While they lack much of the fur of other cat breeds, Sphynxes are not necessarily hypoallergenic. Allergies to cats are triggered by a protein called Fel d1, not cat hair itself. Fel d1 is a protein primarily found in cat saliva and sebaceous glands. Those with cat allergies may react to direct contact with Sphynx cats. Even though reports exist that some people with allergies successfully tolerate Sphynx cats, they are fewer than those who have allergic reactions. 

Sphynx cats can also have more ear wax than most hairy domestic cats because they have little to no hair in their ears. Dirt, skin oils (sebum) and ear wax accumulates in the ears, and needs to be cleaned out on a weekly basis, usually before bath time.

The Sphynx breed also tends to accumulate oils and debris under the nails as well as the skin fold above the nail due to the lack of fur, so, like the ears, the nails and surrounding skin folds need to be cleaned properly as well. Due to these factors the breed may require more grooming than a typical domestic cat with fur. Specialty products for this cat have been developed, though they still require more grooming than most breeds.

Health issues
The Sphynx faces challenges because of its lack of protective fur. Skin cancer may be a problem if exposed to sunlight for long durations of time. 

The lack of hair can cause health issues with kittens in the first weeks of life because of susceptibility to respiratory infections. Reputable breeders should not let their kittens go to new homes without being at least 14 weeks of age to ensure the kitten is mature enough to cope in a new environment.

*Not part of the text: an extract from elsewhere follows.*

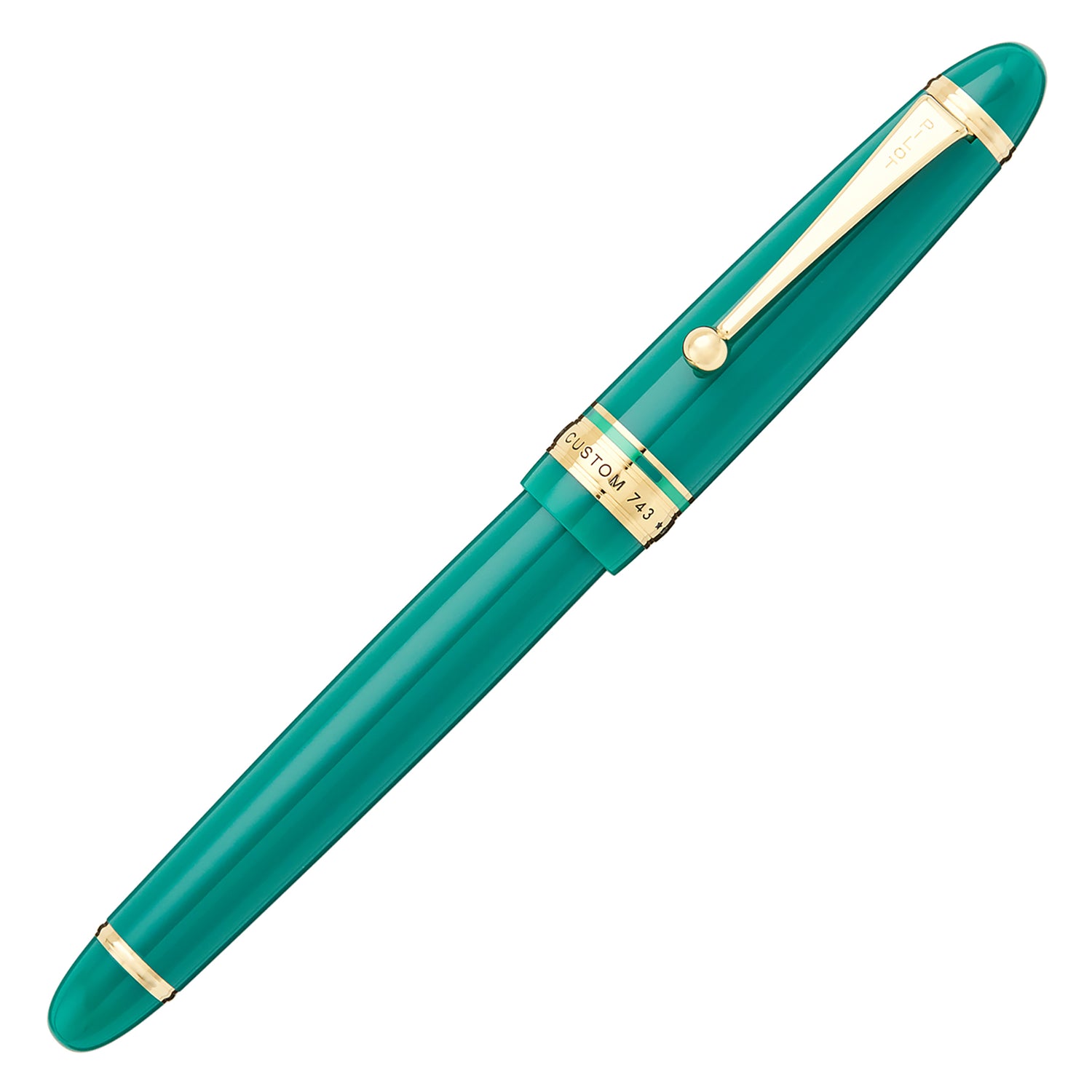 Pilot Custom 743 Fountain Pen - Verdigris - The Goulet Pen Company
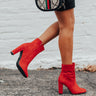 The Keaton Faux Suede Ankle Bootie Image - 1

Hypertrophic cardiomyopathy 
The breed does have instances of the genetic disorder hypertrophic cardiomyopathy (HCM). Other domestic cat breeds prone to HCM include Persian, Ragdoll, Norwegian Forest cat, Siberian cats, British Shorthair and Maine Coon; however, any domestic cat including mixed breeds can acquire HCM. Studies are being undertaken to understand the links in breeding and the disorder. Cats are screened for HCM disease with echocardiography (ultrasound of the heart), as well as with additional tests determined by the veterinarian cardiologist including electrocardiogram (EKG, ECG), chest radiographs (X-rays), and/or blood tests.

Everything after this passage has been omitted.